Every line of the listing below from the one with "703 - 21 UPPER DUKE CRESCENT" up to and including the one with "2110 W Norton Ave, Norton Shores, MI, 49441" should be retyped exactly, and nothing else; pictures are not part of the copy.

Provided records:
□ □ □

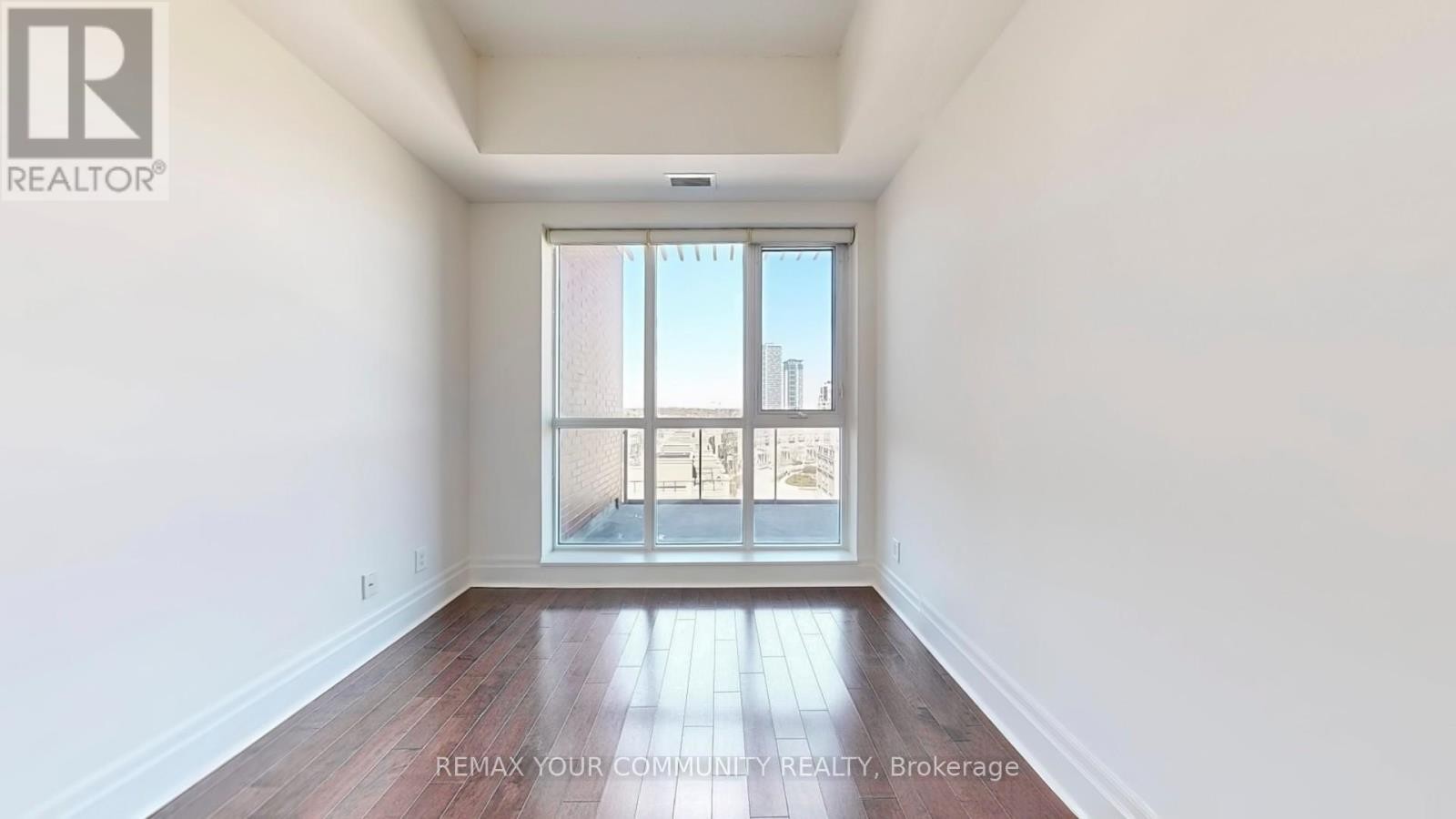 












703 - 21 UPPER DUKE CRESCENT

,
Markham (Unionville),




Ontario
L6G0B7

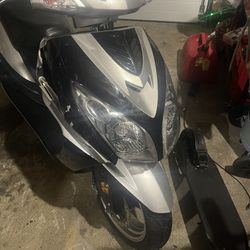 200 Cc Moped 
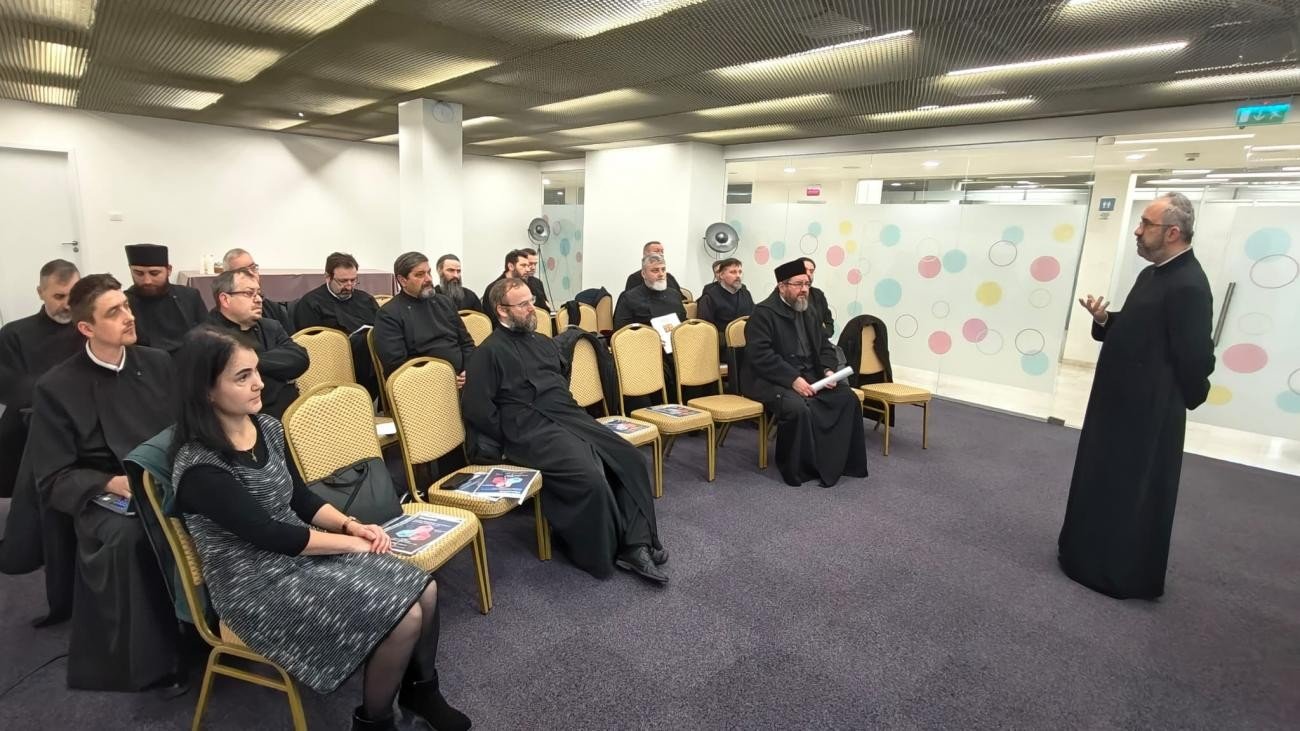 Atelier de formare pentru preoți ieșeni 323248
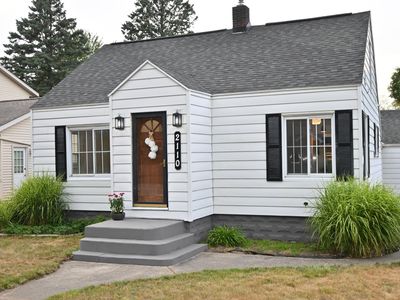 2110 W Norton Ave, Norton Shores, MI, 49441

□ □ □

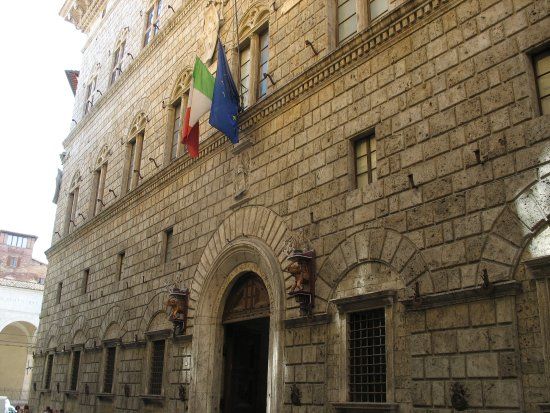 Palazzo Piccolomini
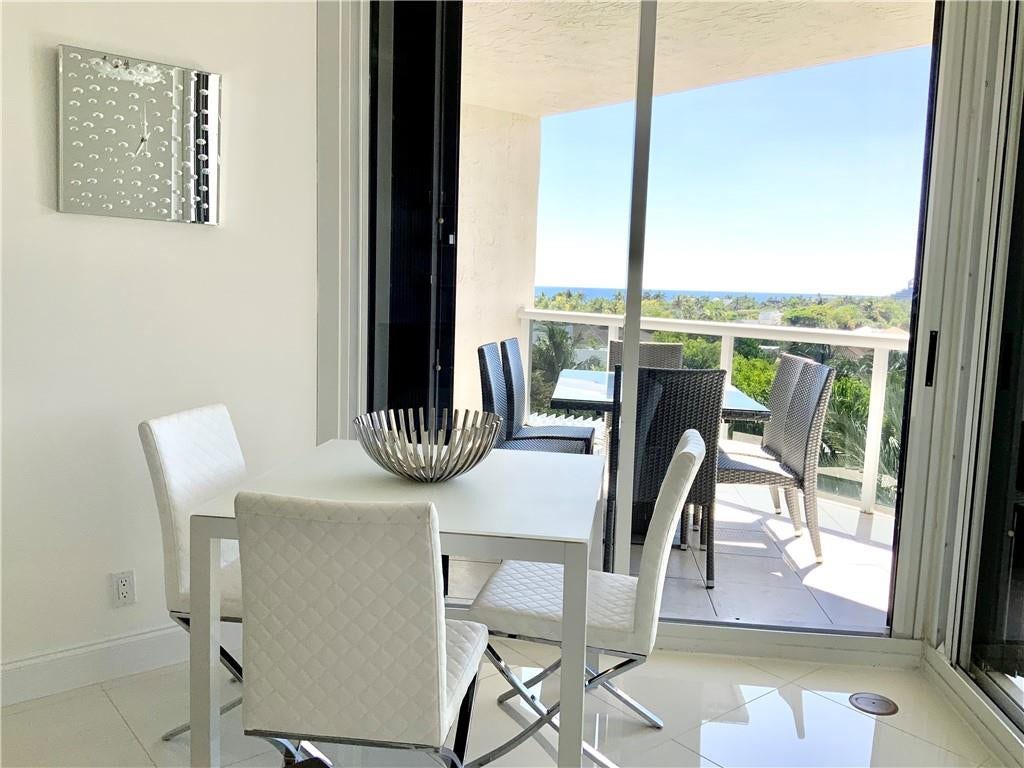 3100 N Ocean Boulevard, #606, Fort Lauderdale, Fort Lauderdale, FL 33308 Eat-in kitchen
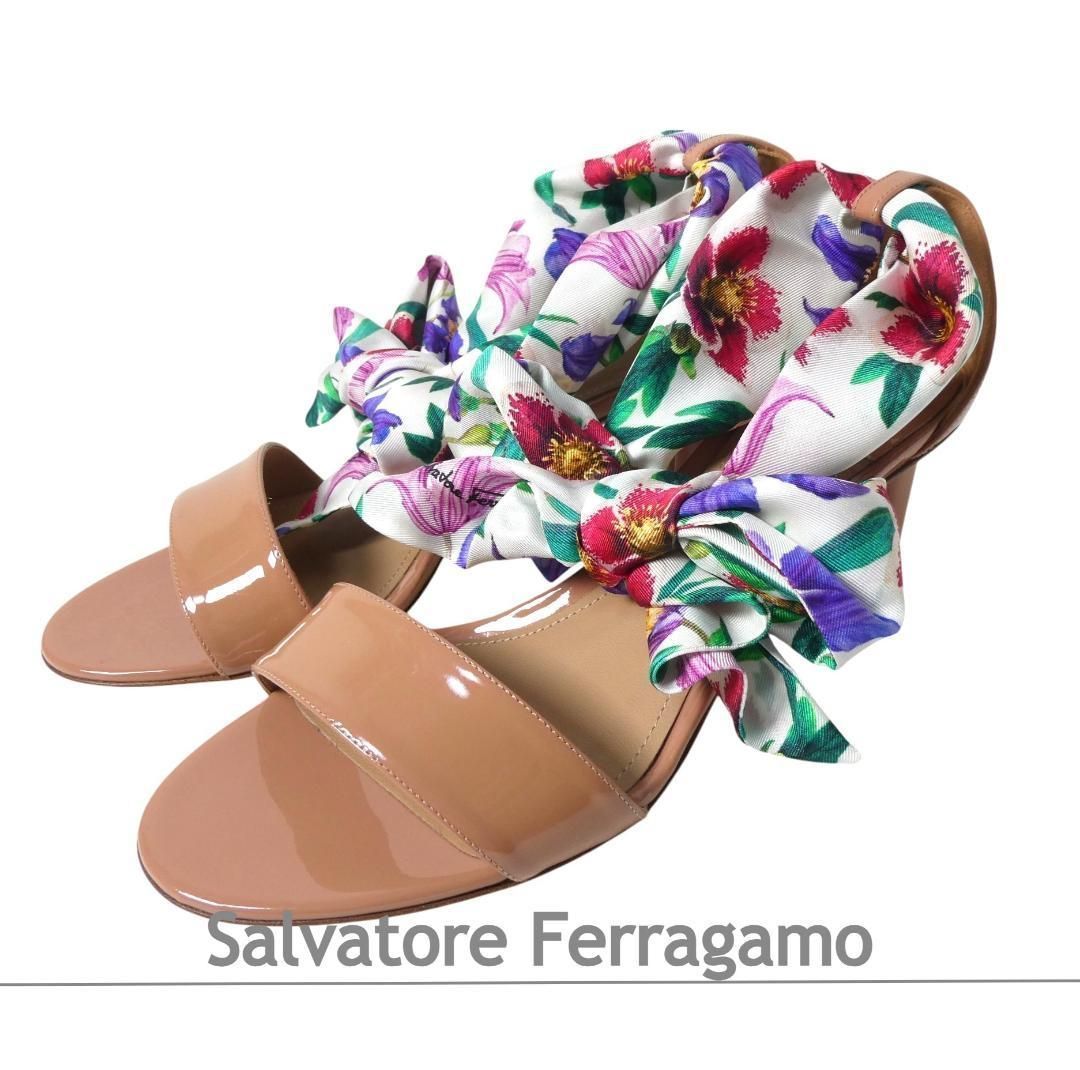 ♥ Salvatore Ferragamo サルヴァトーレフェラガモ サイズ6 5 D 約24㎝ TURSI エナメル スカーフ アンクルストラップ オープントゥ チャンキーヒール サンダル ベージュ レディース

□ □ □

Written response:
703 - 21 UPPER DUKE CRESCENT

,
Markham (Unionville),




Ontario
L6G0B7

 200 Cc Moped 
 Atelier de formare pentru preoți ieșeni 323248
 2110 W Norton Ave, Norton Shores, MI, 49441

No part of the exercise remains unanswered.